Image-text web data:

= Beginning of Section =

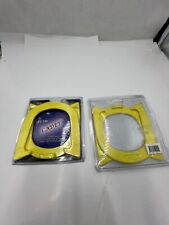 Qty light weight for sale  North Salt Lake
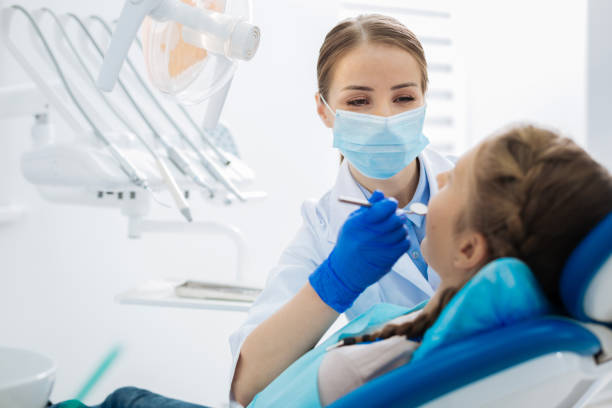Best TMJ/TMD Treatment  in Ruidoso, NM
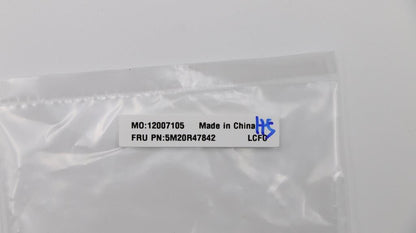Lenovo THM_MESH_AMD L81H1 5M20R47842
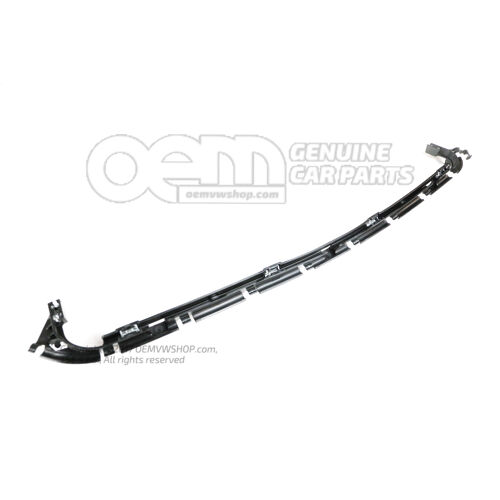Kable czujnika wspornika 5NA962283A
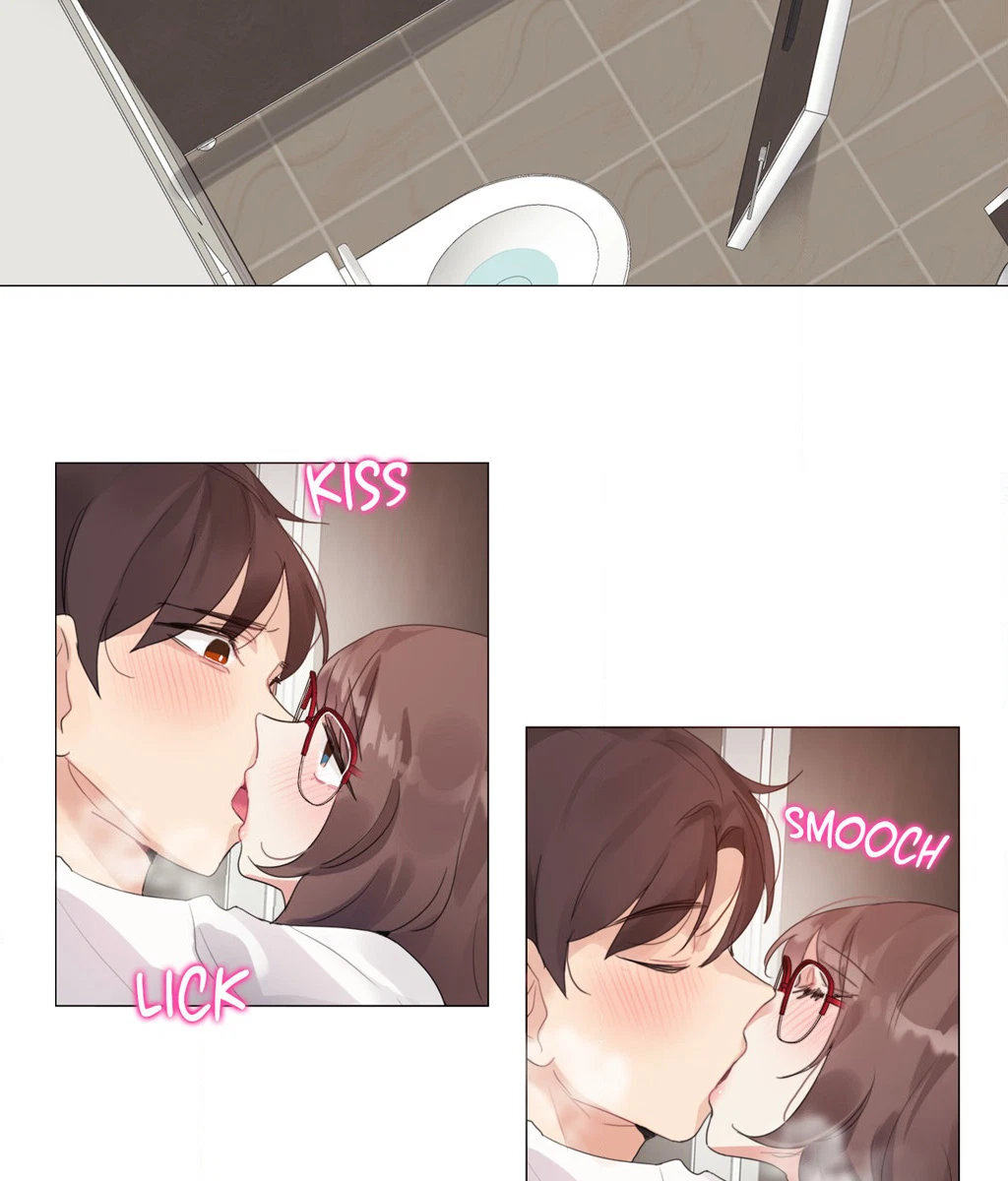 Chapter 5, page 2
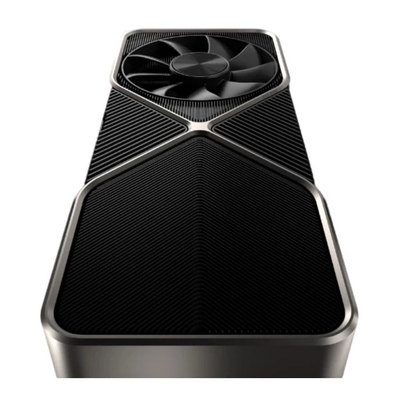 بطاقة الألعاب Nvidia RTX 3090 Ti OC 24Gb بطاقة الرسومات Nvidia Geforce RTX 3090TI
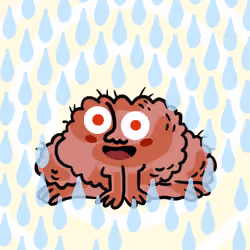 CreatureToad #4496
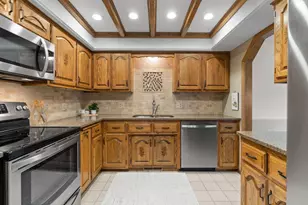 144 122nd Ave NW, Coon Rapids, MN 55448 - Photo 4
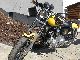 1995 Harley Davidson  XL / 2 Sportster 1200 Motorcycle Chopper/Cruiser photo 4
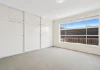 47 66 Autumn Street, Geelong West, Vic 3218-Image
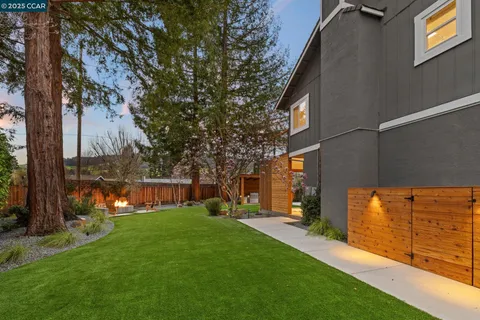 $3,650,000 | 17 Canary Court, Danville, CA 94526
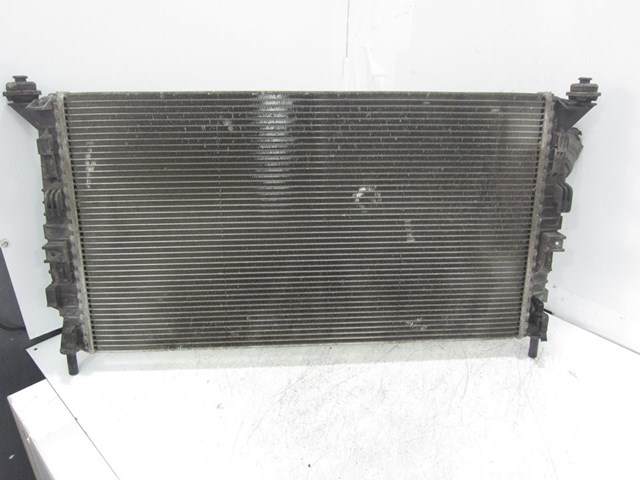 3M5H8005TL MAZDA Radiador  en stock Gandía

= End of Section =

# [WHAT THE TASK ASKS]
Only what runs from the line holding "47 66 Autumn" through the end of the entries above is to be given again, exactly, with every picture omitted.

# [YOUR SOLUTION]
 47 66 Autumn Street, Geelong West, Vic 3218-Image
 $3,650,000 | 17 Canary Court, Danville, CA 94526
 3M5H8005TL MAZDA Radiador  en stock Gandía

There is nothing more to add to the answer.